Spark on Aliyun

Requirements

Spark1.3+

Introduction

This SDK supports interaction with Aliyun's base service, e.g. OSS and ODPS, in Spark runtime environment.

Build and Install


		git clone https://github.com/aliyun/aliyun-spark-sdk.git
	    cd  aliyun-spark-sdk
	    mvn clean package -Dmaven.test.skip=true

Use SDK in Eclipse project directly

copy emr-sdk-<version>.jar to your project
right click Eclipse project -> Properties -> Java Build Path -> Add JARs
choose and import the sdk
you can use the sdk in your Eclipse project

Maven

You need to install the SDK into local maven repository and add following dependency.


		mvn install:install-file -Dfile=emr-sdk_2.10-<version>.jar -DgroupId=com.aliyun -DartifactId=emr-sdk_2.10 -Dversion=0.1.0 -Dpackaging=jar

        <dependency>
            <groupId>com.aliyun</groupId>
            <artifactId>emr-sdk_2.10</artifactId>
            <version>0.1.0</version>
        </dependency>

OSS Support

In this section, we will demonstrate how to manipulate the Aliyun OSS data in Spark.

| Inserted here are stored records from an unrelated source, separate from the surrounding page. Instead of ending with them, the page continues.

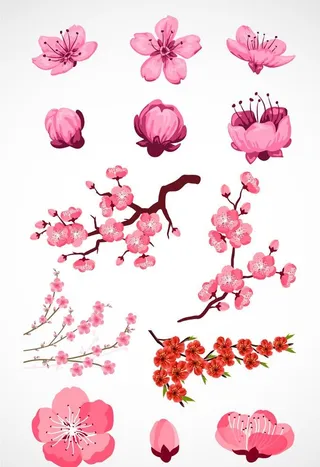 矢量桃花桃枝图片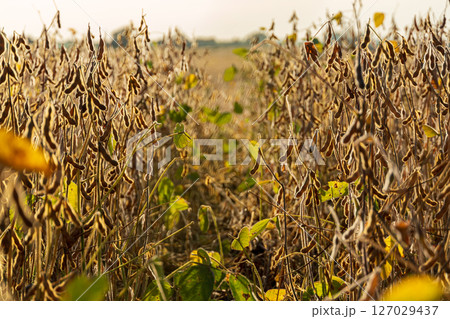 Mature soybean plants are visible in a field, indicating readiness for harvest during the growing season. The landscape reflects agricultural growth 127029437
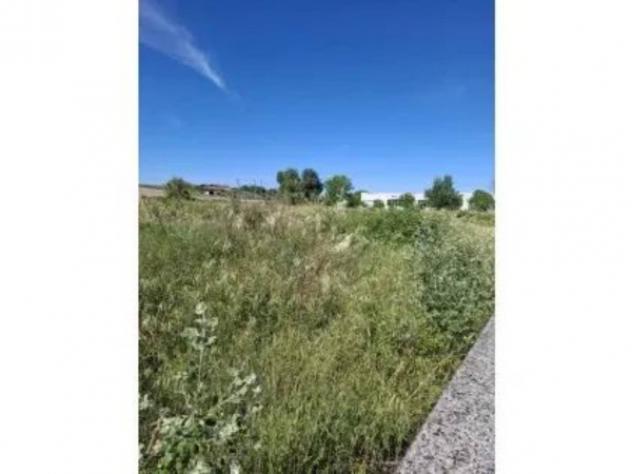 Immobile in asta di 3805 m² in vendita a Morrovalle - Foto 3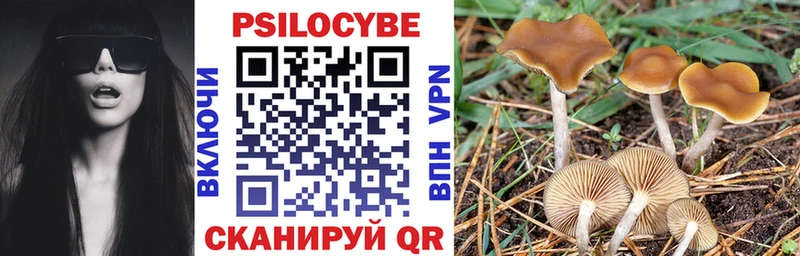 Псилоцибиновые грибы GOLDEN TEACHER ссылка на мегу ссылка Бирск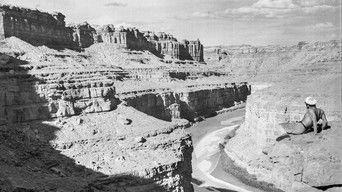 Buzz Holmstrom & 1 Million Plants In A Year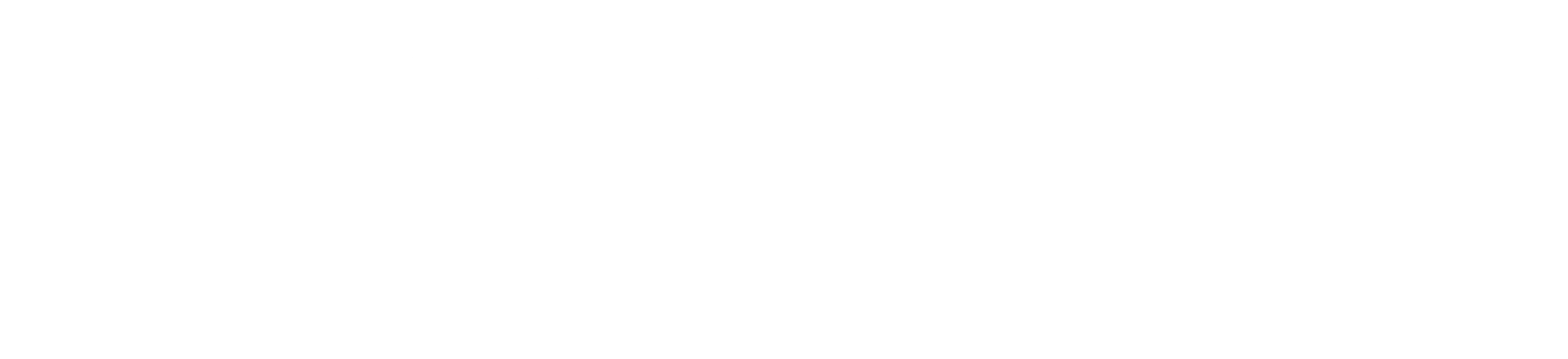 어댑테이션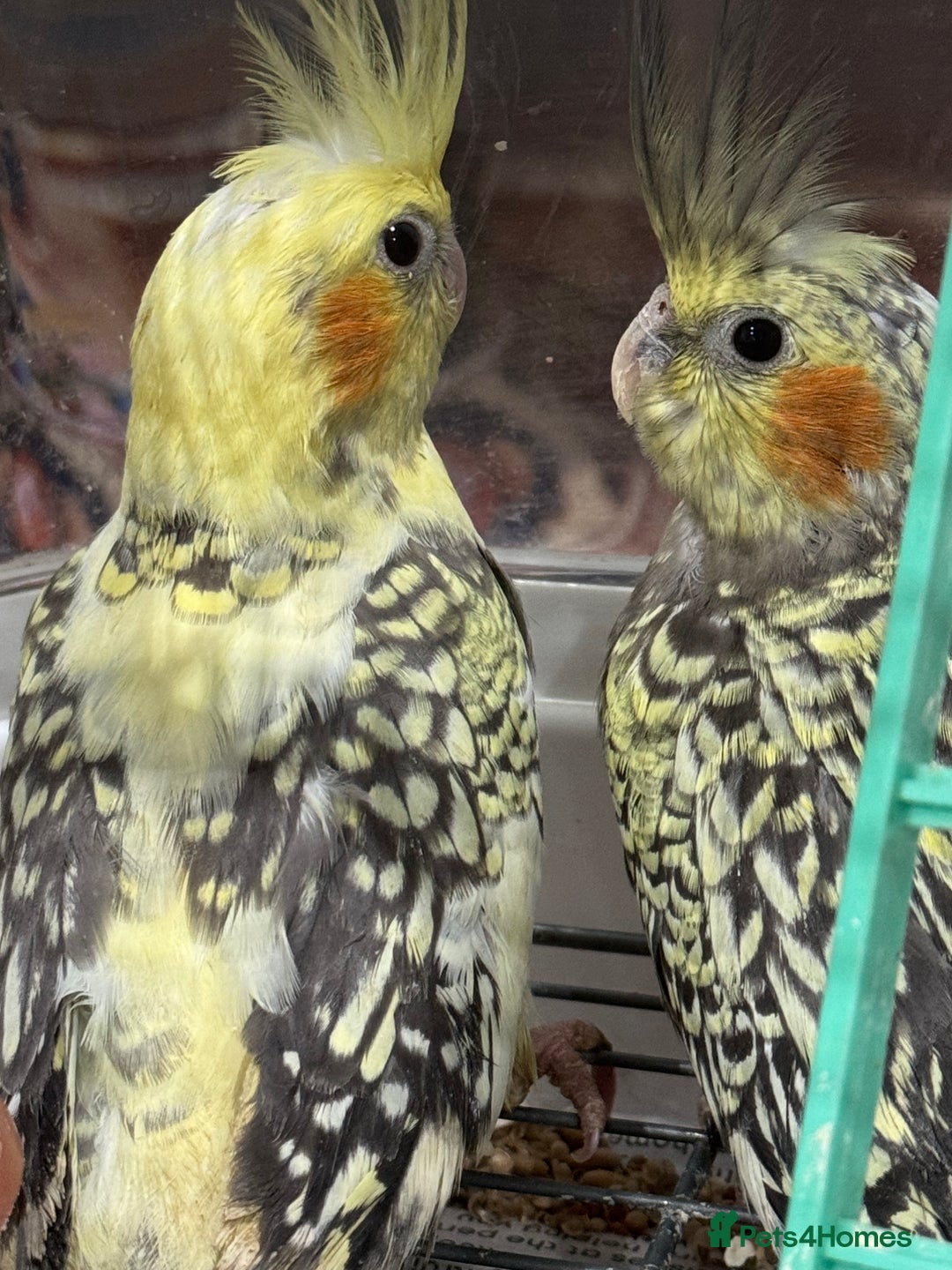 Cockatiels birds for sale: Baby cockatiels  - Advert 10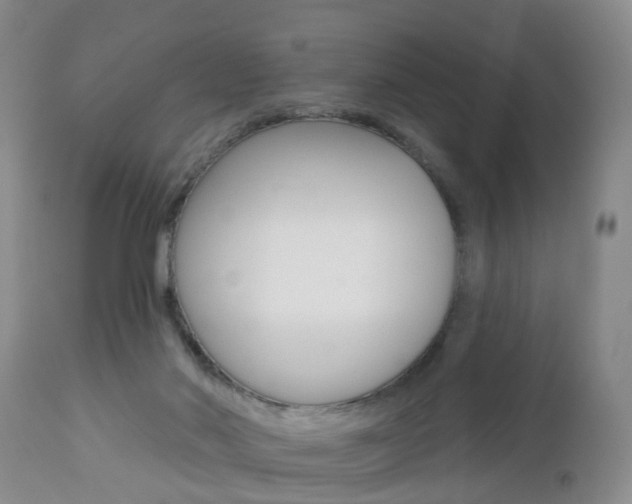 X0000112800022200908211013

Step-1. Initialize an OssOps

Before read/write OSS data, we need to initialize an OssOps, like:


	import org.apache.spark.{SparkConf, SparkContext}
	import org.apache.spark.aliyun.oss.OssOps
	
	object Sample {
	  def main(args: Array[String]): Unit = {
		// == Step-1 ==
	    val accessKeyId = "<accessKeyId>"
	    val accessKeySecret = "<accessKeySecret>"
		// hangzhou for example
	    val endpoint = "http://oss-cn-hangzhou.aliyuncs.com"
	
	    val conf = new SparkConf().setAppName("Spark OSS Sample")
		// three important confirguation
	    conf.set("spark.hadoop.fs.oss.accessKeyId", accessKeyId)
	    conf.set("spark.hadoop.fs.oss.accessKeySecret", accessKeySecret)
	    conf.set("spark.hadoop.fs.oss.endpoint", endpoint)

		val sc = new SparkContext(conf)
		val ossOps = OssOps(sc, endpoint, accessKeyId, accessKeySecret)

        // == Step-2 ==
		...
		// == Step-3 ==
		...
	  }
	}

In above codes, the variables accessKeyId and accessKeySecret are assigned to users by system; they are named as ID pair, and used for user identification and signature authentication for OSS access. See Aliyun AccessKeys for more information.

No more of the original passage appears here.